Depuis leur première rencontre, David et Arnaud éprouvaient une certaine attirance mutuelle. Le troisième soir, ils regagnèrent leurs cellules après l'office des compiles, à l'heure où les moines n'ont plus le droit de parler. Marchant sur les graviers du parc, ils écoutaient les cloches sonner avant la nuit. Soudain, Arnaud saisit la main de David; il avala sa salive et demanda, dans un mélange de gêne et d'exaltation:
– David, il faut que je sache… T'es gay?

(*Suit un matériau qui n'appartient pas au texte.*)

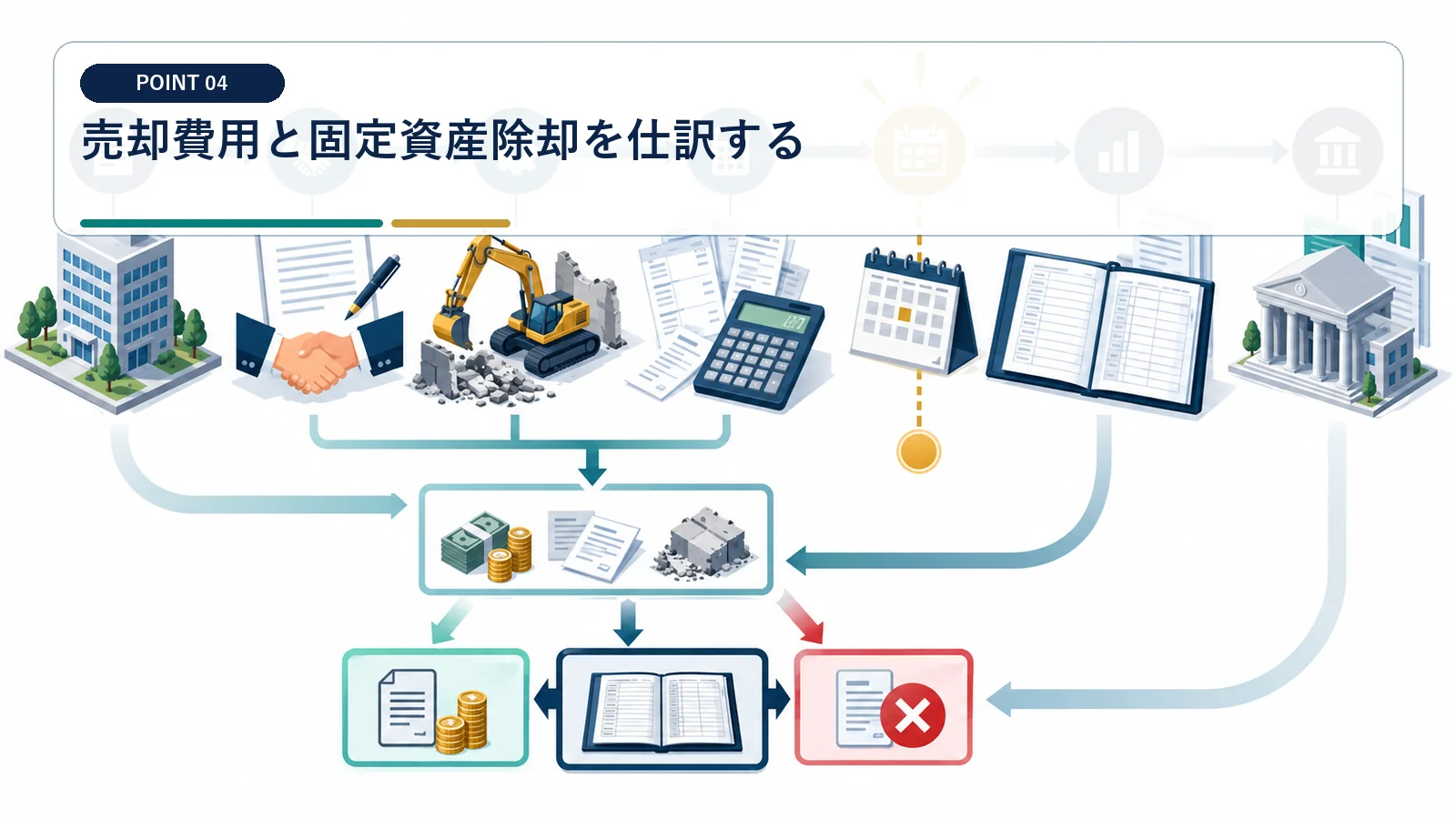 売却費用と固定資産除却を仕訳する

L'Américain, qui détestait ce mot, fit un effort
pour répondre:
– Gay? Oh non certainement pas… Mais je suppose que je dois être un peu pédé de temps en temps.
Figé au milieu de l'allée, Arnaud s'exclama:
– Ne te défends pas, David, c'est merveilleux d'être gay! Cette liberté de former un couple avec un autre homme. Moi, j'ai longtemps hésité, je t'assure. Pour moi, c'était vivre avec un ami ou me donner à Dieu.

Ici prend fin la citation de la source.